EVOLVING ECOLOGICAL NICHES: TECHNOLOGICAL CHANGE AND THE TRANSFORMATION OF THE LIBRARIES ROLE IN PUBLISHING
||EVOLVING ECOLOGICAL NICHES: TECHNOLOGICAL CHANGE AND THE TRANSFORMATION OF THE LIBRARIES ROLE IN PUBLISHING
||Proceedings of an ICCC/IFIP Conference "Towards the Information Rich Society" held at the Central European University, Budapest, Hungary 20-22 April 1998/Edited by Fytton Rowland and John W T Smith. Washington D.C.: ICCC Press, 1998, 286 p. ISBN: 1-891365-02-9
||Print has been the most significant scholarly communication technology for the last three hundred years (at least). Kaufer and Carley's Ecology of Communicative Transactions analyses print communication in ecological terms. This paper applies this perspective to the changes now occurring in scholarly communication. The theory of punctuated equilibrium proposes that evolution of new species occurs both in bursts and in response to changes in environments. Rapid changes in the scholarly communication environment have occurred over the last fifty years, and most particularly since the rise of the Internet. Viewing the Internet as a new ecological niche, this paper looks at five university libraries that are redefining their roles in the scholarly communication ecology. They are acting as facilitators for electronic scholarly publishing rather than just as access points for content created by others. The five projects (Highwire Press, Internet Library of Early Journals, Project EDUCATE, Project Muse and the Scholarly Communications Project) all demonstrate different organizational models, funding sources and types of content.
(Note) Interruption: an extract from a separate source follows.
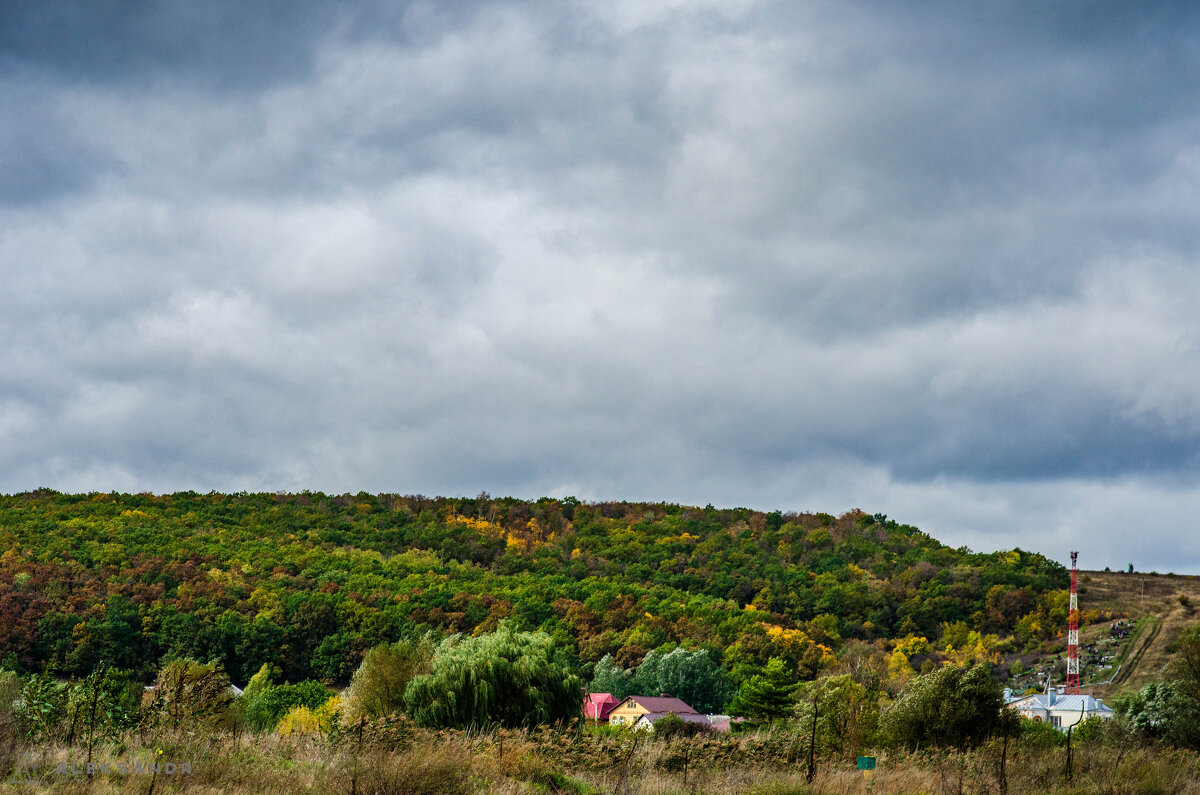 осень - Александр Леонов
In interviewing project team personnel, two clusters of issues emerged related to libraries and their changing roles. With respect to the nature of publishing, most respondents emphasized access and the need for an ongoing commitment to content. With respect to the libraries role, all saw their activities as consistent with their responsibilities to their user communities; they saw no barrier to libraries moving into electronic publishing. The past of our planet can give us pointers to how changing systems might respond now. Past episodes have been characterized by rapid diversification followed by a locking in of a few choices. We are currently seeing a rapid development of new species of scholarly publishing artifacts, with some being selected against and disappearing. Will the next decade see a return to stasis?